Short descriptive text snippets
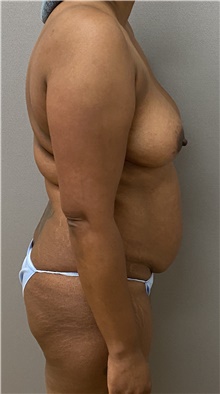 Tummy Tuck Before Photo by Keshav Magge, MD; Bethesda, MD - Case 48065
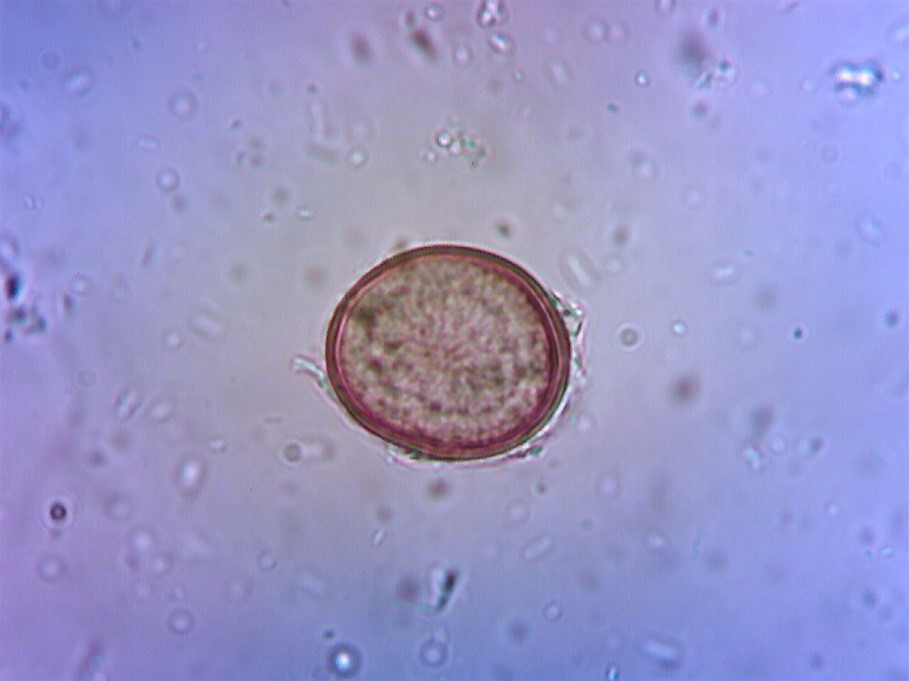 <ul><li><p>Thick protein coat and a dark centre </p></li><li><p>Treatment is usually with fenbendazole, pyrantel, selamectin, ivermectin </p></li><li><p>Once clinical signs appear as a result of VLM, euthanasia is recommended </p></li></ul><p></p>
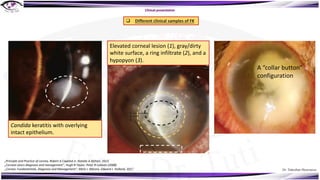 Dr. Tukezban Huseynova
Clinical presentation
A “collar button”
configuration
Candida keratitis with overlying
intact epithelium.
Elevated corneal lesion (1), gray/dirty
white surface, a ring infiltrate (2), and a
hypopyon (3).
q Different clinical samples of FK
„Principle and Practice of cornea, Robert A Copelnd Jr, Natalie A Afshari, 2013
„Corneal ulcers diagnosis and management“, Hugh R Taylor, Peter R Laibson (2008)
„Cornea: Fundamentals, Diagnosis and Management“, Mark J. Mannis, Edward J. Holland, 2017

- **Exercise requirements**
Reproduce the records above from their first line to the line bearing "Candida keratitis with overlying", both ends included, leaving every picture out.

- **Exercise result**
 Tummy Tuck Before Photo by Keshav Magge, MD; Bethesda, MD - Case 48065
 <ul><li><p>Thick protein coat and a dark centre </p></li><li><p>Treatment is usually with fenbendazole, pyrantel, selamectin, ivermectin </p></li><li><p>Once clinical signs appear as a result of VLM, euthanasia is recommended </p></li></ul><p></p>
 Dr. Tukezban Huseynova
Clinical presentation
A “collar button”
configuration
Candida keratitis with overlying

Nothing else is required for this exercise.